The Burning Bush described in this week’s Torah portion has become the archetypal symbol of the divine call to action. Referred to in theology as a theophany, the bush was the appearance of the infinite God in a form that is visible to man.
The physical manifestation bore messages that could be understood by Man. Rashi explains that the bush was a thorn bush, conveying an implicit message from God that “I am with them [the Israelites] in their affliction.”
Midrash Rabbah explained that Moses had thought to himself that the Egyptians might consume Israel. So God showed him a fire which burned but did not consume, saying to him: “Just as the thorn bush is burning and is not consumed, so the Egyptians will not be able to destroy Israel.”
Midrash Tanchuma relates that when God called out to Moses from the burning bush, he first called to Moses in the voice of Amram his father, so as not to startle him. At that moment Moses rejoiced, saying, “My father still lives.” God said, “I am not your father, but the God of your father.”
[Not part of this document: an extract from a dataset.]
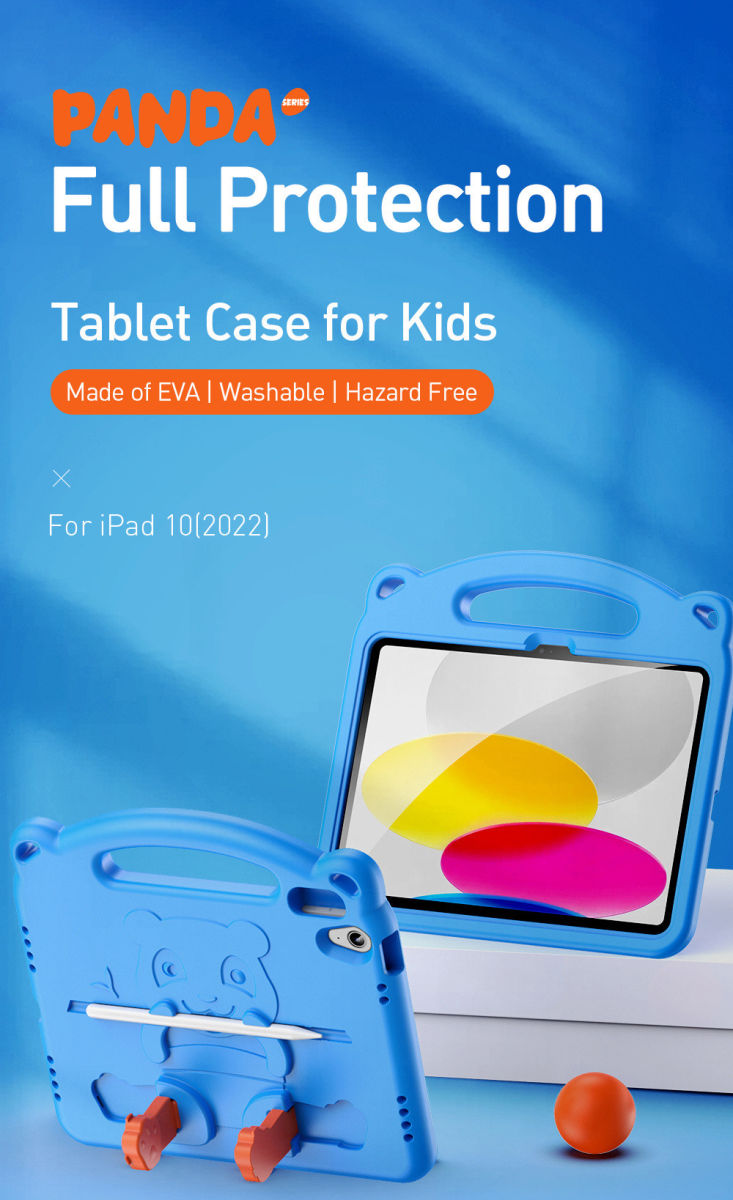 Dux Ducis Panda Apple iPad 11 (2025) / 10.9 (2022) Kinder Tablethoes Roze afbeelding 7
Rabbi Yisrael Baal She Tov, the founder of Hasidut, noted that the Torah compares Man to a tree (Deuteronomy 20:19):
“Man is a tree of the field”
More specifically, the Talmud compares the righteous Torah scholars to fruit trees, which bestow beauty, fragrance and nourishment upon the world. The fruit trees also burn—they burn with the ecstasy of their Torah study, with the fervor of their prayer, with the warmth of their good deeds. But theirs is a fire that burns and burns out, a fire that is sated by the words of Torah and prayer and the fulfillment of the divine will.
But the thorn bush burns with a fire that is never satisfied. The simple Jew, who cannot fathom the depths of Torah, who can barely articulate his prayers, who has little understanding of the significance of a mitzvah—his is a thirst never quenched. His heart burns with a yearning for God he can never hope to still, with a love he can never hope to consummate.
When Moses, the most perfect of men, beheld the heart of flame that smolders within the thorn bush, he was humbled by the sight. “I must turn aside to see this great sight,” he said: I must move from where I am and strive to awaken in myself the insatiable fire of the simple Jew.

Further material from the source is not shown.